Кречин усмехнулся какой-то странной, незнакомой мне усмешкой. Что-то пересчитал в уме. Взял салфетку, щелкнул паркером.
Крупно нарисовал цифру «44» — и, скомкав салфеточку, бросил в пепельницу.
Я подумал, сейчас подожжет. На всякий случай.
Но нет, поджигать не стал.
Теперь закашлялся уже я.
— В 44 раза? — сдавленным голосом переспросил.
Кречин, усомнившись, попросил у официанта калькулятор. Пробежался пальцами по клавишам — словно по роялю.
— Нет. Я ошибся.
Выдыхаю с облегчением. Виданное ли дело — в 44 раза? Это если бы мне повысили зарплату в 44 — я бы получал… Это умножить на это плюс аванс… Я бы… Сумасшедшие деньги! А у Кузнецова, надо думать, зарплата была не корреспондентская.

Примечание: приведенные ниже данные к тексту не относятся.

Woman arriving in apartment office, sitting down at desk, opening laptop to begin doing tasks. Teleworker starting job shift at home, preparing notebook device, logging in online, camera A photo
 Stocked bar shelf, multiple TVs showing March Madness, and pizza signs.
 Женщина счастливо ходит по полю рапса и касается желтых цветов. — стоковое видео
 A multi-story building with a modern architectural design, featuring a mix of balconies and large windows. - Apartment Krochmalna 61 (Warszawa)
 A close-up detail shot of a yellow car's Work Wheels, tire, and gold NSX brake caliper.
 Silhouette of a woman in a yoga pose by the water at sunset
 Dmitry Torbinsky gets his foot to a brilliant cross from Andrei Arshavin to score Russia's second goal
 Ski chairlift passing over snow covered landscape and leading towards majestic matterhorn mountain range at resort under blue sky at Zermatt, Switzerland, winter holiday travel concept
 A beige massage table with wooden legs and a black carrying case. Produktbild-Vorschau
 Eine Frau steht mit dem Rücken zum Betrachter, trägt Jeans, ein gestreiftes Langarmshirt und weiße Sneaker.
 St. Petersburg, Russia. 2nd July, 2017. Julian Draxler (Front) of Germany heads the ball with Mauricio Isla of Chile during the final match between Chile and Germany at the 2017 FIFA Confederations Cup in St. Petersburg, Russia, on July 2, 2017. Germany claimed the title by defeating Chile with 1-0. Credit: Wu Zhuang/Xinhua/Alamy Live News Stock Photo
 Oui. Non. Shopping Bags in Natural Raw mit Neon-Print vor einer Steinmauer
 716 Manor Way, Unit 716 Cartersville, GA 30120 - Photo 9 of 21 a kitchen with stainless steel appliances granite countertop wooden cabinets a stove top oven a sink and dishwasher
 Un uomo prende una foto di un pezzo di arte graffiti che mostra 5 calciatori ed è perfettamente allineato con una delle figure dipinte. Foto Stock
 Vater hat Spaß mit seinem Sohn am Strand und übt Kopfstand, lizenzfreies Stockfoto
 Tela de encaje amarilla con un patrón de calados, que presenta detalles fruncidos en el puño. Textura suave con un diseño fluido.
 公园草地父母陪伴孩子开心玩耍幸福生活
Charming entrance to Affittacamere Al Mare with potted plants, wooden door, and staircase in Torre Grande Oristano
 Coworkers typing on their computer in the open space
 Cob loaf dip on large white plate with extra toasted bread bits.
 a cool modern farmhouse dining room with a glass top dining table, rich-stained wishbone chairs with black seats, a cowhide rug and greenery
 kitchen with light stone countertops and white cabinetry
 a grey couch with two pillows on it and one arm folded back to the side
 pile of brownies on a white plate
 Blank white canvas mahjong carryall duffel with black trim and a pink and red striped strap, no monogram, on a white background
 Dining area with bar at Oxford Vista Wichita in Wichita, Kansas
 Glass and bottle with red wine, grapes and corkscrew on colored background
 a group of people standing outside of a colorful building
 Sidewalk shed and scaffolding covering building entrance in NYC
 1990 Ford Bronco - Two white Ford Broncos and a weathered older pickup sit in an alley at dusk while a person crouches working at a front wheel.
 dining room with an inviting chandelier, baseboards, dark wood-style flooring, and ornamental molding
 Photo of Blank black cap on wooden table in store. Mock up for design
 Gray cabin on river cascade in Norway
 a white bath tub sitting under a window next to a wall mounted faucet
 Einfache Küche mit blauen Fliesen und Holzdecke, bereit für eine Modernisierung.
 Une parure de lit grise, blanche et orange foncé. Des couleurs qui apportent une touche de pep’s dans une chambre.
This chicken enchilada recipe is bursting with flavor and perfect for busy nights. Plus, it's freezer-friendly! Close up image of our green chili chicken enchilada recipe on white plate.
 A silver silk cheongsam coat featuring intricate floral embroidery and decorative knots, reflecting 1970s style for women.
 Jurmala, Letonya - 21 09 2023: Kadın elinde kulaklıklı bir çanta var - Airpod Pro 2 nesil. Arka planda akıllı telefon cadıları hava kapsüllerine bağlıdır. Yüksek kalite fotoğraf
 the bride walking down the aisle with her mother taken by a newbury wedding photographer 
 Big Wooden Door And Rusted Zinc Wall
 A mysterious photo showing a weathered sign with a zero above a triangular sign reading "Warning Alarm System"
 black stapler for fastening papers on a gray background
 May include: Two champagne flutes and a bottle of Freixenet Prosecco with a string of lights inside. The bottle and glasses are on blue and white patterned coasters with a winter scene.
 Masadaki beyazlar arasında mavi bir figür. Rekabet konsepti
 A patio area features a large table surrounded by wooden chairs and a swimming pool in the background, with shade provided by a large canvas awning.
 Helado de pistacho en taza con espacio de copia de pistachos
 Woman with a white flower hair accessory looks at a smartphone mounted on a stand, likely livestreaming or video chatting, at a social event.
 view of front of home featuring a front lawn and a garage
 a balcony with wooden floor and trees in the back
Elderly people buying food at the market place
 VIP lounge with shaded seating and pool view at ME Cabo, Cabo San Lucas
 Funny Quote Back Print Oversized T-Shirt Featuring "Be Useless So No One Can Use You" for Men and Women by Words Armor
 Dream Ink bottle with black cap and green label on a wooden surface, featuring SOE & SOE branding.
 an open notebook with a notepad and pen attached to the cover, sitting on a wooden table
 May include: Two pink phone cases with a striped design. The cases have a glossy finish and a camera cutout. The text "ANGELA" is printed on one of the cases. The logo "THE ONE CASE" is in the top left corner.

— В 40! — определился с цифрами Кречин, трижды отжав буковку «С». Чтоб возможный подслушивающий не подсмотрел. Большой хоккей учит аккуратности.
— Вот представьте его реакцию. Можно понять, почему не уехал?
— Еще бы.
— Но была тонкость. Спасибо Александру Медведеву — он помог удержать Кузнецова. В КХЛ тогда была статья расходов: чтобы удержать самых ярких молодых хоккеистов, для популяризации Лиги делали «дополнительное финансирование от КХЛ». Медведев выделял на зарплату Кузнецову приличную сумму. Исправно перечисляли.
— Сколько от контракта?
— Четверть.
— Я не ослышался? Лига финансировала четверть контракта игрока «Трактора»?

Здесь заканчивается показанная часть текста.